Introduction : la liberté d’expression, une liberté fondamentale protégée

La liberté d’expression du salarié constitue une liberté fondamentale, protégée tant par l’article L.1121-1 du Code du travail que par l’article 10 de la Convention européenne des droits de l’homme.

En application de l’article L1235-3-1 du Code du travail, le licenciement prononcé en violation d’une liberté fondamentale est entaché de nullité.

Il échappe ainsi au barème d’indemnisation issu de l’article L1235-3  du code du travail et ouvre droit, pour le salarié, à une indemnité minimale de six mois de salaire, sans plafond.

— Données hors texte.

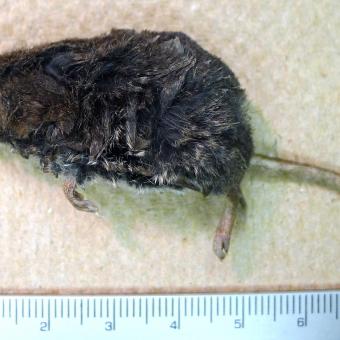 Shrew found in Corvallis, Oregon.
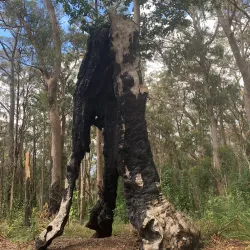 Gold Coast Hinterland Great Walk - Gold Coast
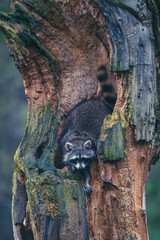 Waschbär klettert auf Baum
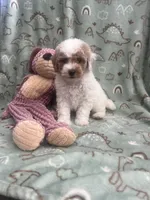 Chester, a male Poodle - Miniature  for sale in Pinon Hills, CA – 2 of 7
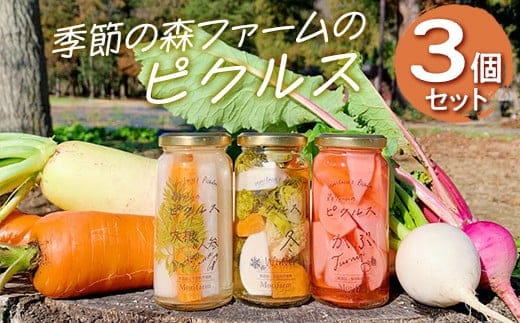 【無添加】季節の森ファームのピクルス 3個セット ※着日指定不可 | ピクルス ぴくるす 野菜ソムリエ おいしい おしゃれ 食べくらべ 取り寄せ 取り寄せ お取り寄せ ギフト 贈答 贈り物 プレゼント 父の日 お中元 お歳暮 御歳暮 茨城県 古河市 直送 店舗直送 送料無料 _BI88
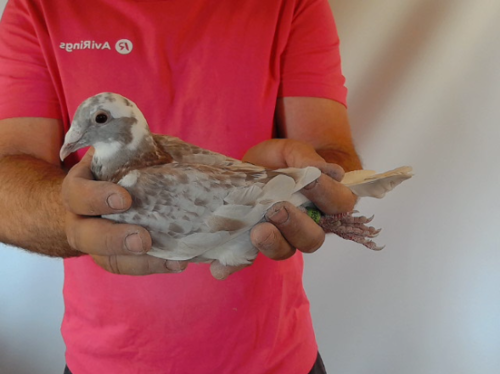 Pigeon image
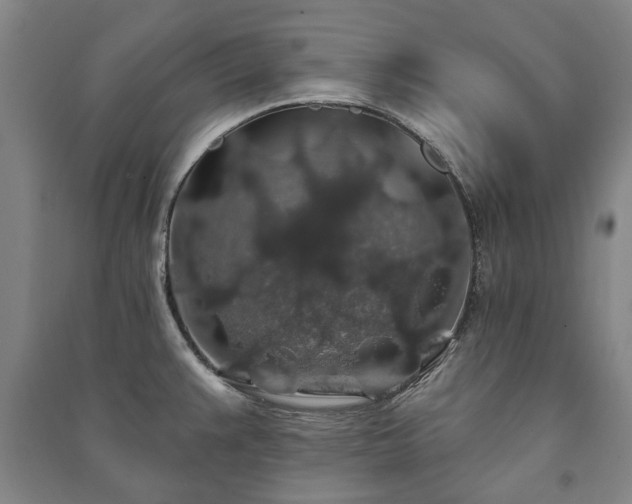 X0000091211383200708161533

L’actualité jurisprudentielle révèle une tendance forte des Cours d’appel à contrôler strictement la caractérisation d’un abus de la liberté d’expression et à prononcer la nullité du licenciement dès lors que l’employeur ne rapporte pas la preuve d’un excès (injure, diffamation, propos excessifs ou dénigrement caractérisé).

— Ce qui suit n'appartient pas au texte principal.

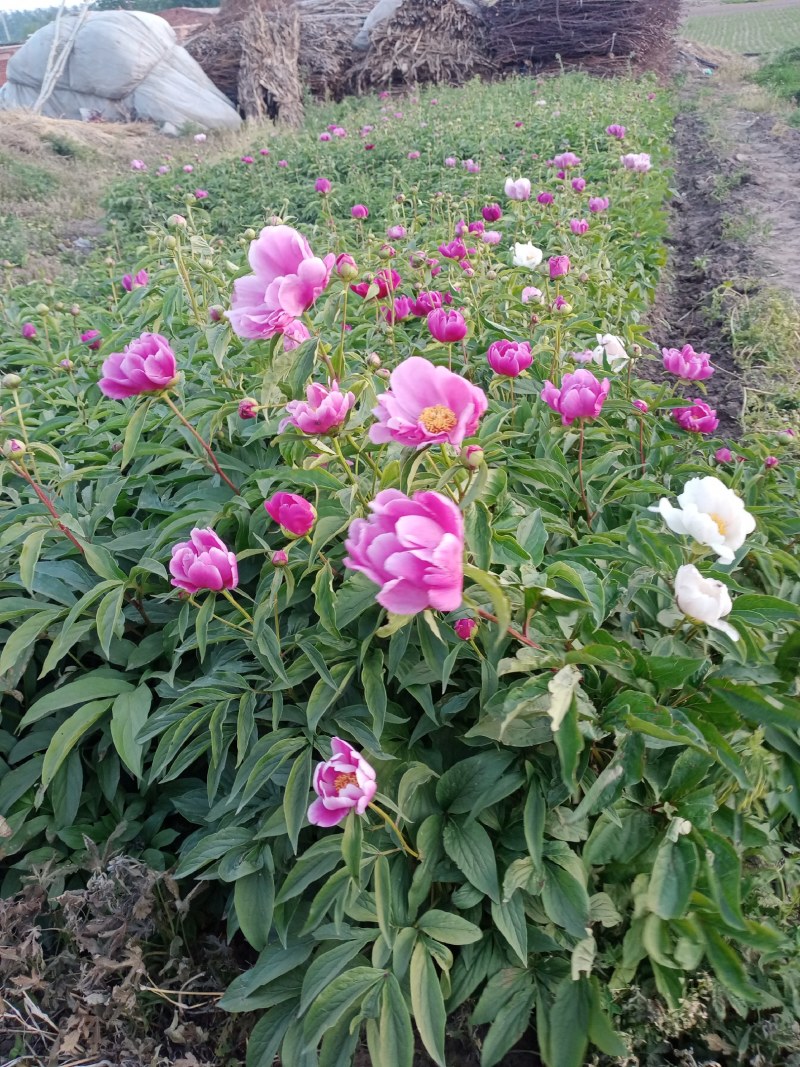 多年生过冬观赏芍药，东北辽宁基地直供，大量现货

I. L’absence d’abus : condition déterminante de la nullité du licenciement

De manière constante, les juges rappellent que le salarié jouit, dans et hors de l’entreprise, de sa liberté d’expression, sauf abus.

L’abus suppose des propos injurieux, diffamatoires, excessifs ou constitutifs d’un trouble objectif caractérisé.

A. Des propos critiques internes protégés

Plusieurs arrêts illustrent la protection des critiques exprimées en interne :


B. Les propos tenus hors temps et lieu de travail

Les Cours d’appel rappellent également que la liberté d’expression s’exerce en dehors de l’entreprise :

Ces arrêts confirment que la protection dépasse le strict cadre professionnel et s’étend à la sphère personnelle, sous réserve d’un abus caractérisé.


II. L’effet « contaminant » du motif illicite et l’application de l’article L1235-3-1

A. L’effet contaminant : un seul motif illicite suffit

La jurisprudence récente réaffirme qu’un licenciement est nul dès lors qu’il est, même partiellement, fondé sur un motif portant atteinte à une liberté fondamentale.

  • Cour d’appel de Paris, 8 juillet 2025
    Certains griefs portaient atteinte à la liberté d’expression. La cour a retenu l’effet « contaminant » : la présence d’un motif illicite entraîne la nullité de l’ensemble du licenciement.

  • Cour d’appel de Bordeaux, 10 juin 2025
    L’employeur n’ayant pas démontré un dénigrement excédant la liberté d’expression, la rupture a été annulée.

  • Cour d’appel d’Aix-en-Provence, 30 janvier 2026
    L’initiative d’une pétition non injurieuse critiquant l’organisation du travail ne caractérisait aucun abus ; le licenciement motivé notamment par cette initiative a été déclaré nul.

  • Cour d’appel de Pau, 17 juillet 2025
    L’employeur n’ayant pas démontré que la rupture était étrangère à l’expression d’une opinion sur la géolocalisation, la nullité a été prononcée.


B. Les conséquences indemnitaires : exclusion du barème Macron

L’intérêt majeur de la qualification de nullité réside dans l’application de l’article L1235-3-1 du Code du travail :

  • indemnité minimale de six mois de salaire ;

  • absence de plafond ;

  • possibilité de réintégration.

Ainsi, lorsque l’atteinte à la liberté d’expression est caractérisée, le juge écarte le barème de l’article L1235-3.

La stratégie contentieuse est donc déterminante : démontrer que le licenciement repose, en tout ou partie, sur l’exercice non abusif d’une liberté fondamentale permet d’obtenir des dommages et intérêts plus importants, surtout dans l’hypothèse où le salarié bénéficie d’une faible ancienneté.


Conclusion : une protection renforcée et un contrôle exigeant de la part des Cours d’appel.

La jurisprudence des Cours d’appel révèle :

  1. Une conception extensive de la liberté d’expression du salarié ;

  2. Une définition stricte de l’abus (injure, diffamation, excès caractérisé, trouble objectivement établi) ;

  3. Une application ferme de l’effet contaminant ;

  4. Une mobilisation assumée de l’article L1235-3-1 pour écarter le barème Macron.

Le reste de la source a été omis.